Seringkali kita tidak menginginkan sesuatu, namun di baliknya membawa
keberuntungan. Menyakitkan memang, sesuatu yang tidak dihendaki terjadi
pada diri kita. Tetapi, di antara yang mengantarkan kita ke surga
adalah menerima dengan ridho keadaan yang tidak kita sukai. Karena,
tiada kebahagiaan sejati melebihi dari kenikmatan di balik musibah.
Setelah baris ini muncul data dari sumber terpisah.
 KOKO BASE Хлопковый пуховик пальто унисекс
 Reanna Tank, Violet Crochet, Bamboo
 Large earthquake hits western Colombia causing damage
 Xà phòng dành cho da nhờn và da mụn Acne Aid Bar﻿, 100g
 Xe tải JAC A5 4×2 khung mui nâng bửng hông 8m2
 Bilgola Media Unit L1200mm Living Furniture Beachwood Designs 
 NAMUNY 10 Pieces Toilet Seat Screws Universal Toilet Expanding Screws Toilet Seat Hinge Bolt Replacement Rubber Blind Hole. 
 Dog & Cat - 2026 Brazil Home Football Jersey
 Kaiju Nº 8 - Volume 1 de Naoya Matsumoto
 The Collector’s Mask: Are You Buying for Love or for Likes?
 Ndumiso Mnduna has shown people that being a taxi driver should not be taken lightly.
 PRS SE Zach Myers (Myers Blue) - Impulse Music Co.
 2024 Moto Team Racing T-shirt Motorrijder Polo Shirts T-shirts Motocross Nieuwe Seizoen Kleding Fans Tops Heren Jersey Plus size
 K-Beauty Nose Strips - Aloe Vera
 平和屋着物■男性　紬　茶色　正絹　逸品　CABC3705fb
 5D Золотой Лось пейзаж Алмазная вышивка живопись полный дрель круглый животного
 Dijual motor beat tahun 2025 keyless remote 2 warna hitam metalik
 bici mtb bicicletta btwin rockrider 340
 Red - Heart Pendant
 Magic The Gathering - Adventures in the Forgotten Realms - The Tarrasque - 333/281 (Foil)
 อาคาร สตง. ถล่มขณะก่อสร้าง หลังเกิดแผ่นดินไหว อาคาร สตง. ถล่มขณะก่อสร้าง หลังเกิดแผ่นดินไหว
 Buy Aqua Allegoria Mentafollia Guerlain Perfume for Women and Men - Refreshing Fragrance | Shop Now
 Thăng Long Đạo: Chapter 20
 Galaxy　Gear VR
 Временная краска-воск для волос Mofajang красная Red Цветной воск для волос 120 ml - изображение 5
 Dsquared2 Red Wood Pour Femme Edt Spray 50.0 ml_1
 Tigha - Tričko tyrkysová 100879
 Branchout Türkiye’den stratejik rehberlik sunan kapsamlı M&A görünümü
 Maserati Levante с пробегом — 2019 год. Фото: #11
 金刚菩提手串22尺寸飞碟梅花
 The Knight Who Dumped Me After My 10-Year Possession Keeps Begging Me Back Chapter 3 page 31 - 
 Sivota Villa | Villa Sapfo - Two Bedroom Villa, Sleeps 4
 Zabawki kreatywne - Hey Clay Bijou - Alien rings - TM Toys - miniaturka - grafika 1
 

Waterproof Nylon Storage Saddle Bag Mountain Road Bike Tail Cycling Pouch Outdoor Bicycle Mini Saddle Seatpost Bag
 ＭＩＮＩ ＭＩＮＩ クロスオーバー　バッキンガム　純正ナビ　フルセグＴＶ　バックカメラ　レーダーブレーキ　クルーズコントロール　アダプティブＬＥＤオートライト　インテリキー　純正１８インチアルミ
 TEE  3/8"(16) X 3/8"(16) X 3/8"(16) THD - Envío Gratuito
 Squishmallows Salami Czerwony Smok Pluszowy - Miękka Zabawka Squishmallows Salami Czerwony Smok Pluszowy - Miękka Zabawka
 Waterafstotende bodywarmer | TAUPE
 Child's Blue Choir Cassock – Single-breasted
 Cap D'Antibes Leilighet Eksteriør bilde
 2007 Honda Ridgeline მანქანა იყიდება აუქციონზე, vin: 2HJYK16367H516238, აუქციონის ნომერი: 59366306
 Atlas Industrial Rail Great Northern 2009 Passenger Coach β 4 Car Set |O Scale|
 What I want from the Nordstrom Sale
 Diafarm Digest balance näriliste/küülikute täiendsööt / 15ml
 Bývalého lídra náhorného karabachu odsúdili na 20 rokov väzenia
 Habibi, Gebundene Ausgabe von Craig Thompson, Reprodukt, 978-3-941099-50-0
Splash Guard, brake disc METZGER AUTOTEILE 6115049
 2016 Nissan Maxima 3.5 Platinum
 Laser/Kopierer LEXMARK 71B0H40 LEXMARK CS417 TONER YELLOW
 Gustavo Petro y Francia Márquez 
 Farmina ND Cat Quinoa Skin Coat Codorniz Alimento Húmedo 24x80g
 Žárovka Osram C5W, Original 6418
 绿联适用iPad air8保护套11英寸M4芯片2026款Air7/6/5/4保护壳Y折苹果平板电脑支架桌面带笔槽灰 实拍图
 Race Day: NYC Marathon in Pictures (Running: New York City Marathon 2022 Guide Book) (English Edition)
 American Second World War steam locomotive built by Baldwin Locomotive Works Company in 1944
Uang
gaji yang kita terima secara rutin dengan jumlah yang sudah kita
ketahui, berbeda rasanya dengan uang yang kita peroleh secara
tiba-tiba, ndilalah kersane Allah (terjadi karena kekuasaan Allah), sebagai efek dari amal saleh yang kita lakukan dengan keikhlasan.
Dalam pengalaman kehidupan sehari-hari, betapa banyak karunia Tuhan
yang dianugerahkan kepada kita dengan bungkus yang tidak menyenangkan,
tetapi di cela-celanya mengandung kebijaksanaan, kasih sayang Allah
Swt. Blessing in Disguis (kebaikan terselubung) pepatah Bahasa
Inggris, ini menunjukkan keterbatasan kita dalam memandang dan merancang
masa depan. Kita lemah dalam membaca dan mengungkap misteri atau
rahasia kehidupan di dunia ini. Di atas kita ada tangan-tangan ghaib
yang bekerja secara canggih dengan perencanaan yang matang.
Oleh karena itu agama membimbing kita dengan salah satu ajarannya, konsep husnudz dzon (positif thingking) terhadap
Tuhan pada setiap peristiwa yang terjadi. Allah Swt memiliki segala
sifat kesempurnaan, kemuliaan dan jauh dari segala sifat kekurangan.
Allah Swt bisa saja menghendaki sesuatu dan tidak menginginkan sesuatu,
sesuai dengan keluasan ilmu-Nya.
Yakinlah bahwa Allah Swt itu bersifat rahman dan rahim. Semua surat dalam Al-Quran dimulai dengan‘bismillahirrahmanirrahim’, sebagai
indikasi sifat yang paling menonjol dalam diri-Nya adalah kasih dan
sayang. Dia tidak menurunkan bencana kepada individu, suatu umat, secara
kebetulan, tanpa berjalan sesuai dengan hukum sebab akibat (kausalitas)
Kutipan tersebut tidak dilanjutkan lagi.